8. No Role Modelz – J. Cole
“Don’t save her, she don’t wanna be saved.”
This is the lyric I heard when I felt Half Elegant trying to save me. This is why I started listening to this song. That isn’t exactly what Half Elegant was trying to say, but I’m still singing I don’t wanna be saved.
9. For Free (feat. Drake) -DJ Khaled
The beat caught me on this song, while driving around Fight for Fifteen workers to go to their conference. The song also constantly reminds me of Half Elegant. I must admit sex with her was the best sex I’ve ever had by a long shot. So good I thought I should pay her, especially cause she had no income for a while.
10. Panda – Desiigner
The beats of this song are great, the fact that he keeps saying Panda is hilarious. I first listened to this song because a Pittsburgh activist and USASer posted this on a Penn State USASer’s wall with the description, “I broke my bed while listening to this song.” That’s what I think of every time.
11. FUCKMYLIFE666 – Against Me!
I was getting gas on the Northside and I looked hot. Grey tank top, maroon tube skirt, brown knee high boots with grey leg warmers sticking out. This guy walked about 20 feet from me looked over at me and turned around. It puzzled me, but it made sense when he and his friends walked by and yelled, “that’s a dude.” I was mortified and eventually just put on my middle finger and stewed over it. The person next to me muttered, “She doesn’t have a choice.” which felt nice to hear.
I got in the car pissed and I put on Against Me! and started screaming along to them. As I was about to turn them off and then this song came on from their live album. The beginning of the song just caught me and I couldn’t stop listening.
The song also reminded me of an important fact, I had been trying my damnedest to “pass” as a woman for about 2 years. I’ve been slowly realizing I am a woman. But Against Me! reminds that I am a gender warrior. I am a woman and a man. I am here to fuck with your concept of gender. I am a trans-tomboy. As the shirt that Laura Jane Grace wears states, “Gender is over (if you want it)”
12. The Writings On The Wall – OK Go
Half Elegant gave me this song. I feel this song, this song often feels like our relationship.
“It seems like forever since we’ve had a good day, the writings on the wall
But I just wanna get you high tonight, I just wanna see some see some pleasure in your eyes”
I would listen to it most when I was sad. Because OK Go was staying to me, that it’s horrible, yes it is, but “I just wanna get you high tonight.”
My most recent memory and the one besides watching drunk Half Elegant dancing to this song is as follows. Half Elegant biked off in an agitated hurry to go no where and I stopped.
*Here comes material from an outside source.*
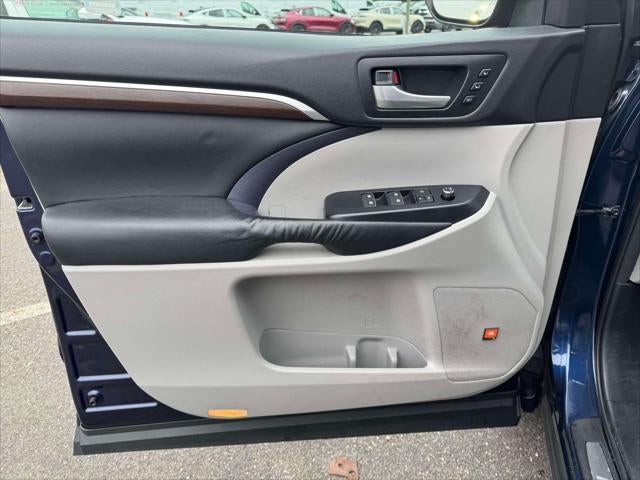 2015 Toyota Highlander Limited Platinum V6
I couldn’t handle the frustration she was expressing towards me so I stopped biking. Instead I listened to this song. I felt sad I was having a hard day and I just wanted to get high tonight, to feel some pleasure. Half Elegant came back and said in a accusatory tone, “Why are you listening to that song? Are you trying to say something? You know that’s a break up song.” The next day we broke up for the second time.
13. I Hate Hate – Reagan Youth
This song is amazing to sing along to. I song along to this endlessly along the bike path. I remember biking up past Millvale on the bike path, I remember biking down to the northside on the bike path, all the while I would sing this song for the haters. Because I hate HAAAAATE!
“I as in M, E, Fucking Me, Hate as in H, A, T, E, Hate… HAAAAAATE!